It’s not all about blood tests, though. Mike Smith, who directs one-week altitude-training camps in Flagstaff for the Run SMART Project, points out that even short stints at altitude offer an advantage because the lack of oxygen makes the training feel harder. You can push hard and learn to tolerate greater discomfort without the added stress on your joints and muscles that would result from running faster or farther at sea level. Here’s how to give getting high a try (Hutchinson, 2015).

Lesotho Ultra Trail 2014 hosted by Maliba Lodge

Lesotho Ultra Trail 2014 hosted by Maliba Lodge

Plan your trip
Set aside at least seven days (10 is better), and choose a destination with good trails. Flagstaff, Boulder, and Albuquerque are popular, but the choice of mountain towns is endless. Timing your return may be tricky–some athletes feel off as they readjust to lower altitude, while some like to race shortly after arriving home. If it’s your first time, err on the side of caution, and come back two to three weeks before a goal race (Hutchinson, 2015).

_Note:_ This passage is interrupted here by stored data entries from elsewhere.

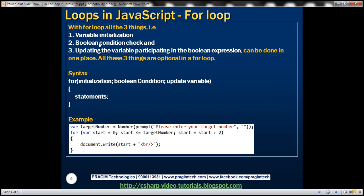Also remember, all three things are optional in a for loop — we'll look at an example of that in just a bit. For the for loop, we start with the for keyword, and within the brackets we have all three things: variable initialization, condition check, and the expression to update the variable. Then within the curly brackets we have the statements to execute if the condition becomes true. First the initialization code runs, and then it checks the condition.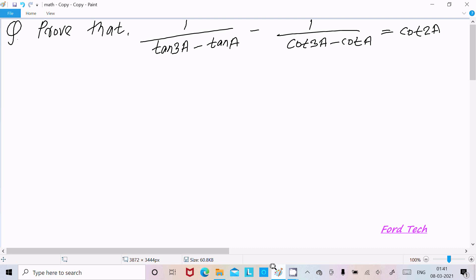Hello friends, in this video lecture I am going to prove that 1 divided by (tan3a minus tana) minus 1 divided by (cot3a minus cota) equals cot2a. So let's take the LHS, that is the left hand side.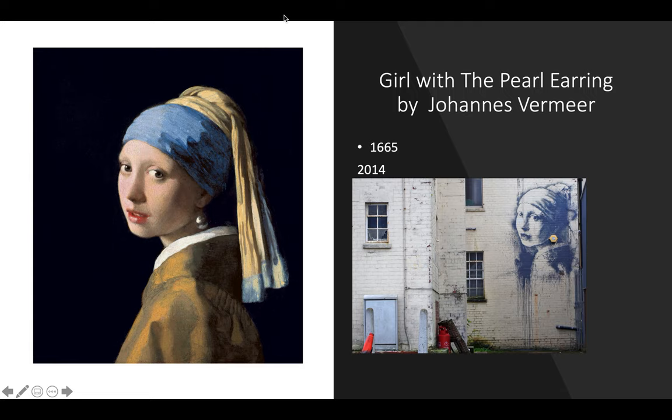You're going to have four of these to choose from. Now those of you who had me in middle school, you probably remember this — it's the exact same thing. It's easier for all of us. And if you've already done it and you want to do it better, you want to choose another artwork, you're more than welcome to — just let me know what it is you're going to be doing.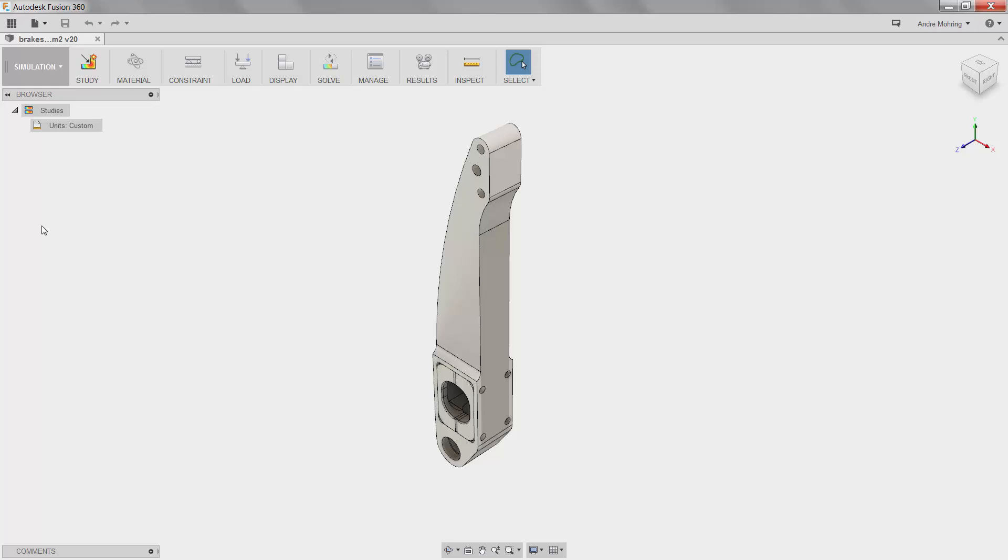Fusion 360 solves simulations using the industry standard NASTRAN solver. For this scenario, we will be running a static stress analysis, which shows that the model is statically and dynamically stable on application of external loads and frequencies.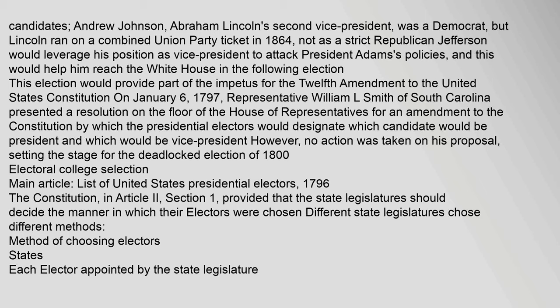Andrew Johnson, Abraham Lincoln's second vice president, was a Democrat, but Lincoln ran on a combined Union Party ticket in 1864. Jefferson would leverage his position as vice president to attack President Adams's policies, and this would help him reach the White House in the following election. This election would provide part of the impetus for the Twelfth Amendment to the United States Constitution. On January 6, 1797, Representative William L. Smith of South Carolina presented a resolution on the floor of the House of Representatives for an amendment to the Constitution by which the presidential electors would designate which candidate would be president and which would be vice president. However, no action was taken on his proposal, setting the stage for the deadlocked election of 1800.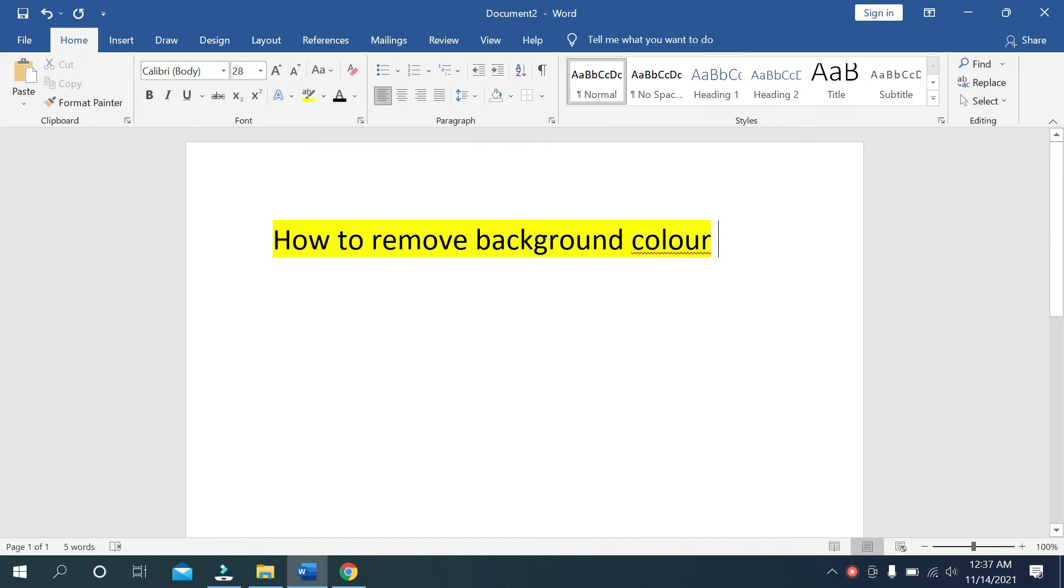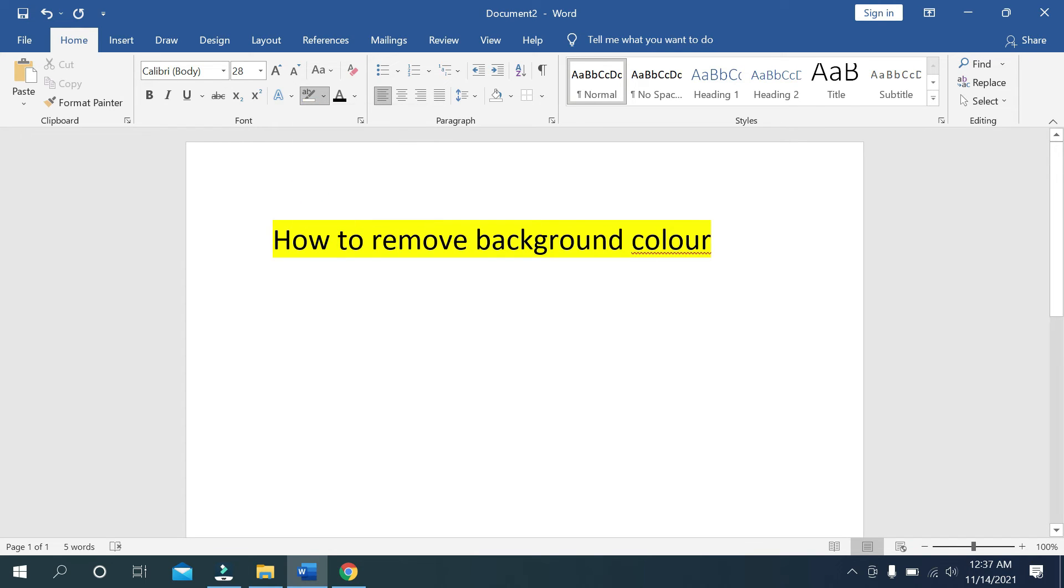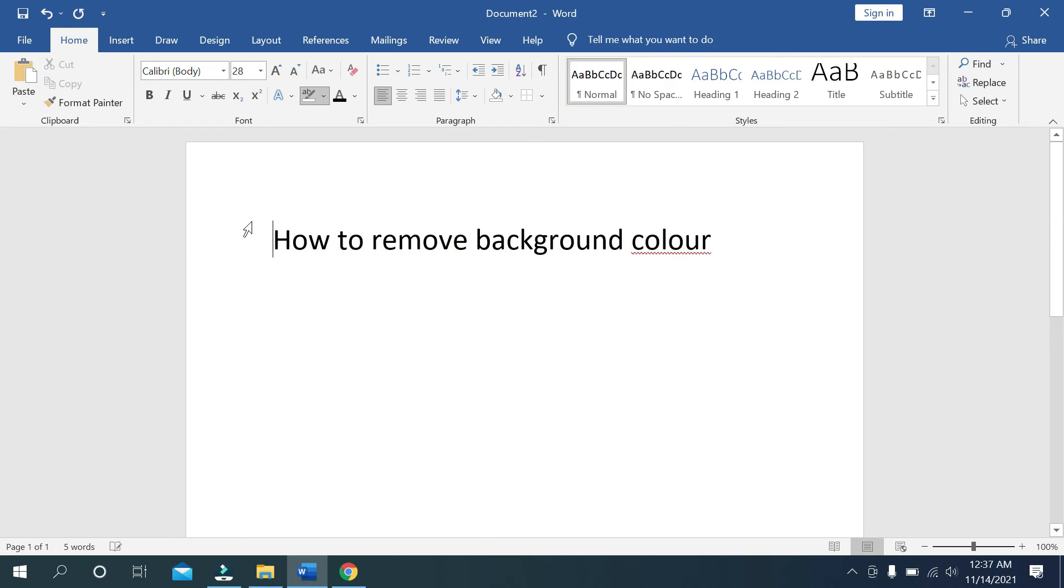If you want to remove it, just click this option, you can see. Just click it and at the last there you can see 'No Color' option. First you need to mark it, highlight your text, then select that option.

You need adequate iron stores to boost hemoglobin levels, so include iron-rich foods–like red meat, beans, and dark leafy greens–in your diet before you leave and after you arrive. You also need to pay more attention to staying hydrated, since you’ll be losing fluid through your lungs and skin in the dry mountain air–“insensible” fluid loss that doesn’t trigger thirst as powerfully as sweat losses in more humid environments (Hutchinson, 2015).

Back Off
It’s tempting to cram as much hard work as possible into a short training getaway, but overdoing it when you arrive at altitude can overstress your immune system and interfere with your body’s ability to boost red blood cell production. For the first three days, stick to easy runs and reduce your mileage by 25 percent. If you feel good at that point, you can try intervals or tempo runs at half-marathon effort or slower. Progress to faster workouts only if you’re there for more than a week (Hutchinson, 2015).

Think Effort, not Pace
Depending on the elevation, your workouts will likely be three to 15 percent slower than usual. Ditch your watch and focus on running by feel, so that your effort matches your goals for the session. If you finish an easy run feeling like you’ve just run a hard race, you’re off-target (Hutchinson, 2015).